After nearly half a century of checking out books to students at Lawrence High School, Martha Oldham is finally checking herself out of the library.
Oldham, the longest-serving educator in Lawrence school district history, officially retired July 1 after 46 years as the school librarian.
“People always said you would know when the time was right,” Oldham said. “The one thing is, I just had fantastic kids all through my years. And working with kids is just such a wonderful experience. It's just a great school.”
Oldham grew up in Emporia and began her career at LHS in 1967 after working the previous seven years in the Manhattan school district.
That was also the same year a young student named Dirk Wedd started school there.
“She just makes the atmosphere and the climate at Lawrence High like that of a family,” Wedd, who is now LHS's head football coach, recalled. “She's constantly reminding kids through those displays (in the cabinets of the hallways) about the history of Lawrence High.

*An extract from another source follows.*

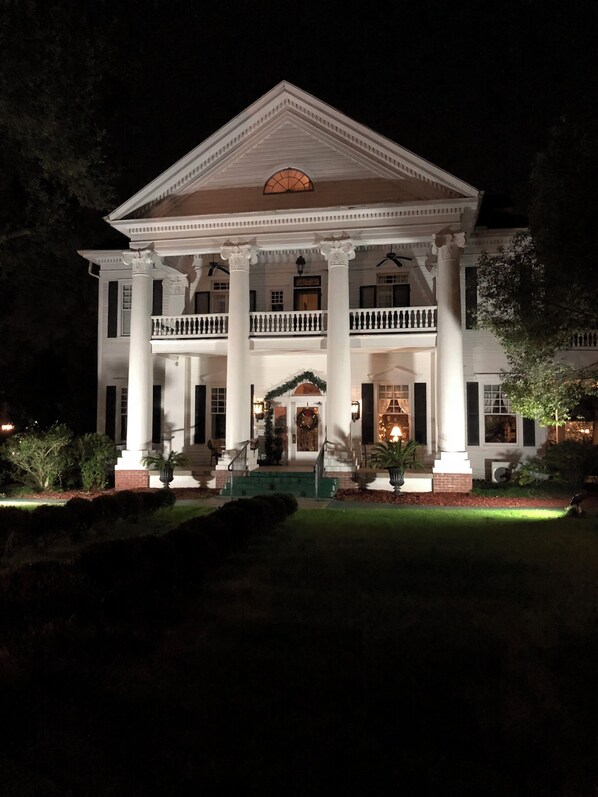 Front of property - Historic Michabelle Inn (Hammond)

She's been very important for the well-being of the school.”
Troubled times early on
Oldham's first years at LHS were a turbulent time in Lawrence. In 1970 many of the school's black students staged walkouts to protest the lack of black history or literature in the curriculum, the absence of any blacks on the school's cheerleading squads and other teams, and the lack of racial diversity among the school's faculty.
“Let me tell you, it was a very frightening time,” Oldham recalled. “We had policemen who slept in the school, in a classroom overnight. Policemen were there all the time.”
At one point, she said, students protested the library itself because the card catalog had no entries under “black history” or “black literature.” That's when Oldham teamed up with English teacher Del Fambrough, wife of the legendary Kansas University football coach Don Fambrough, to start building a collection.
“The school gave the library some money so we could build the black history and literature collection,” Oldham said. “I had such wonderful help. We had input from Del, and the history teachers and some people at KU. That was exciting, getting and purchasing this material and the input from so many people.”
After the turmoil of that era died down, Oldham faced another kind of revolution: the digital revolution and the advent of the Internet, which would change virtually ever aspect of the library.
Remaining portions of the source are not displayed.